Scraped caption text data
- Opening Delimiter -
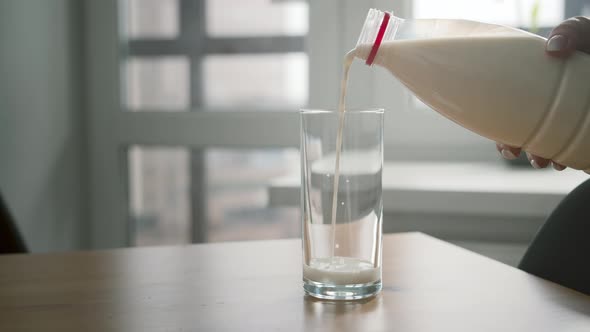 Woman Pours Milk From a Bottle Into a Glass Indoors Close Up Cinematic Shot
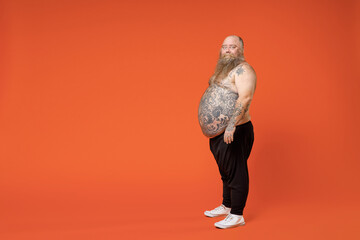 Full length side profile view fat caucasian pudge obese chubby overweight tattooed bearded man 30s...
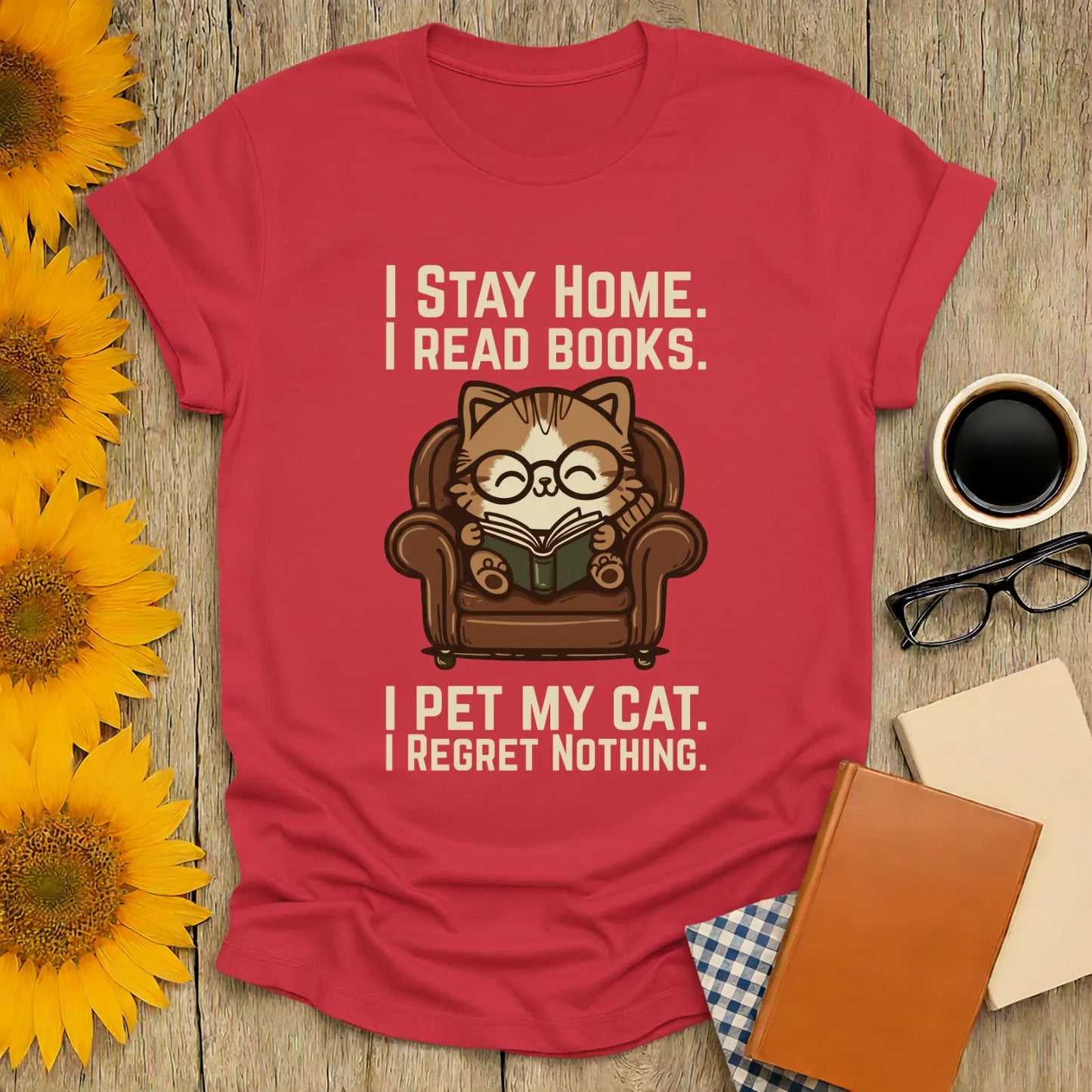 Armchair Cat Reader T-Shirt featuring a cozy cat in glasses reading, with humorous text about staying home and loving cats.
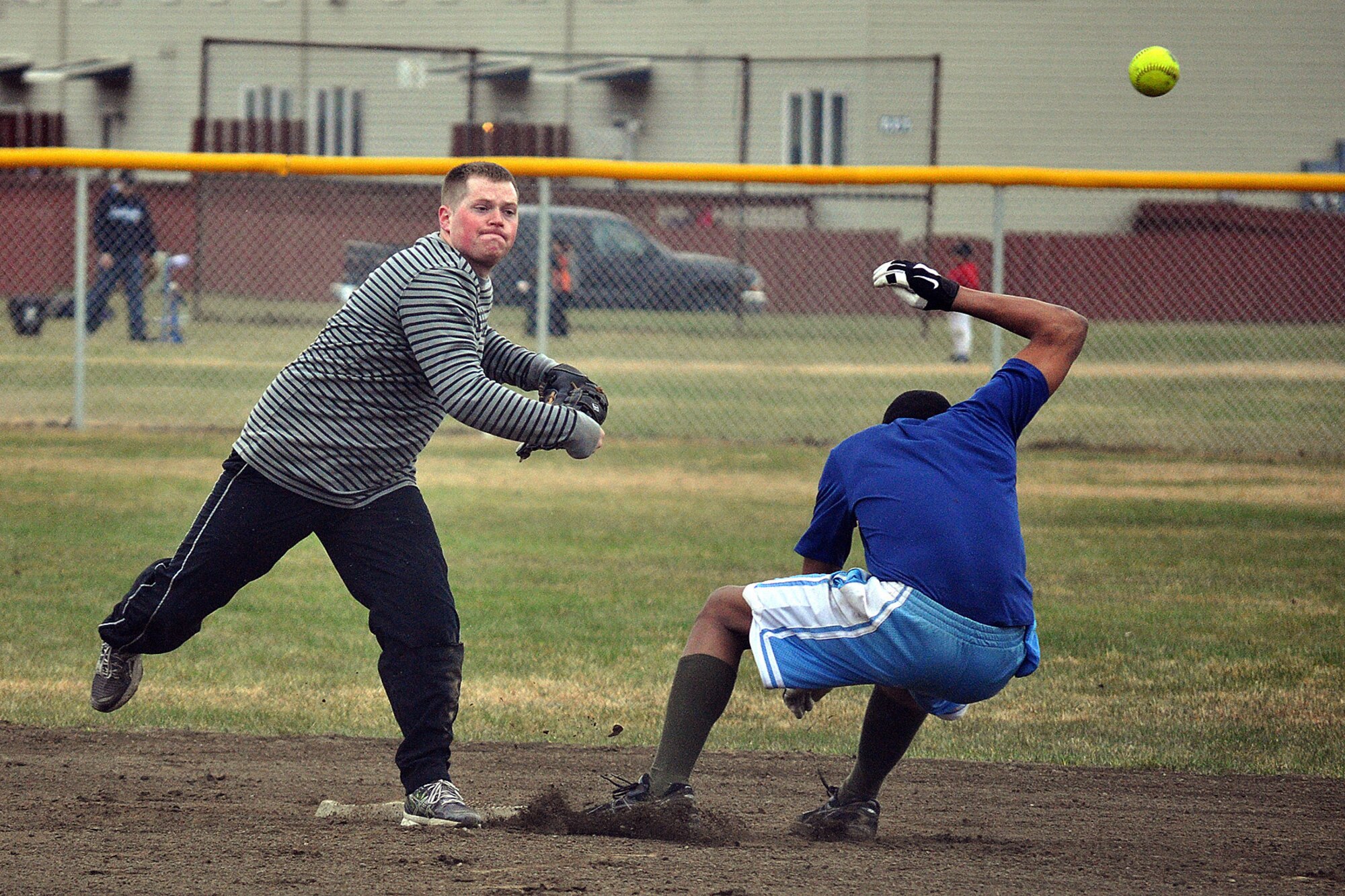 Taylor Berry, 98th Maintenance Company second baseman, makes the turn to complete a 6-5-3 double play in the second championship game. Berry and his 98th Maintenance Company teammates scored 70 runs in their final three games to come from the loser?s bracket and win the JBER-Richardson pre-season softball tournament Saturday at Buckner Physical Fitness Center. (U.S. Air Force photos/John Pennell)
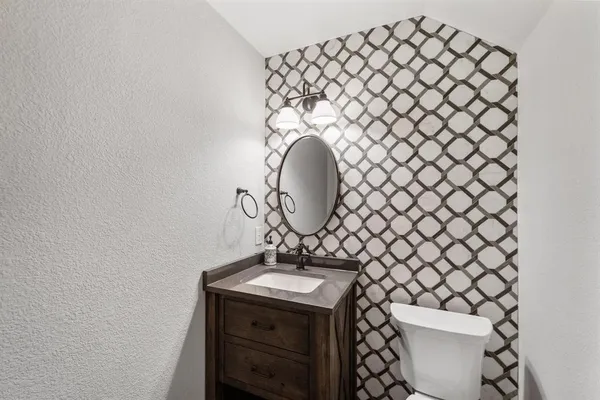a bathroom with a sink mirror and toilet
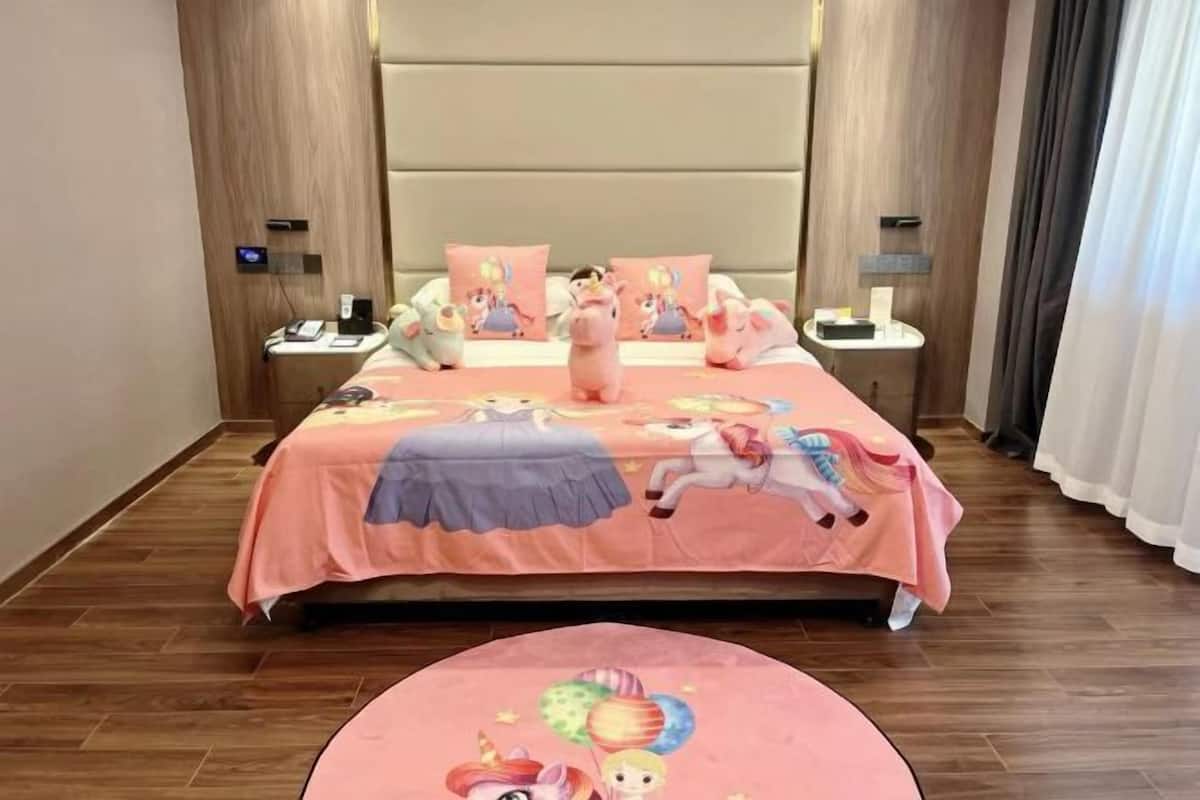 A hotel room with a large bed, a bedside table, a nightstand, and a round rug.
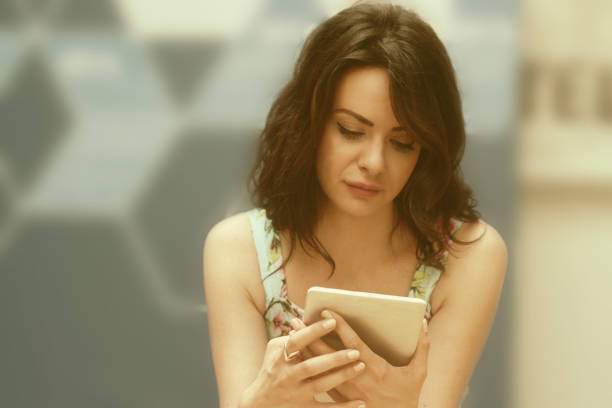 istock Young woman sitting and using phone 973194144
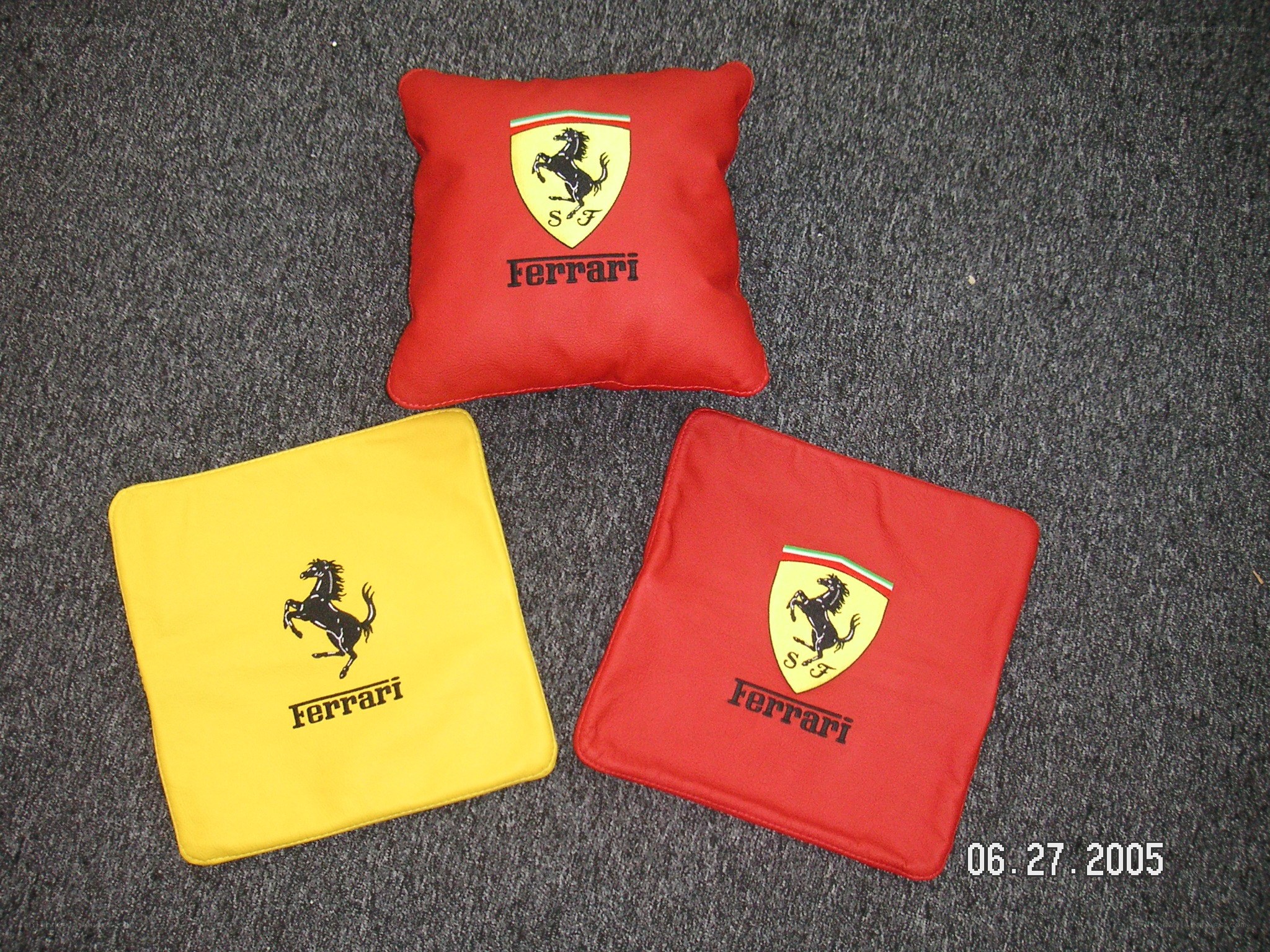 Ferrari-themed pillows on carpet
- Closing Delimiter -
§ Work order
Drop the pictures, then write out only the lines running from the one containing "Full length side" through the last line above, both included, exactly.

§ Written solution
 Full length side profile view fat caucasian pudge obese chubby overweight tattooed bearded man 30s...
 Armchair Cat Reader T-Shirt featuring a cozy cat in glasses reading, with humorous text about staying home and loving cats.
 Taylor Berry, 98th Maintenance Company second baseman, makes the turn to complete a 6-5-3 double play in the second championship game. Berry and his 98th Maintenance Company teammates scored 70 runs in their final three games to come from the loser?s bracket and win the JBER-Richardson pre-season softball tournament Saturday at Buckner Physical Fitness Center. (U.S. Air Force photos/John Pennell)
a bathroom with a sink mirror and toilet
 A hotel room with a large bed, a bedside table, a nightstand, and a round rug.
 istock Young woman sitting and using phone 973194144
 Ferrari-themed pillows on carpet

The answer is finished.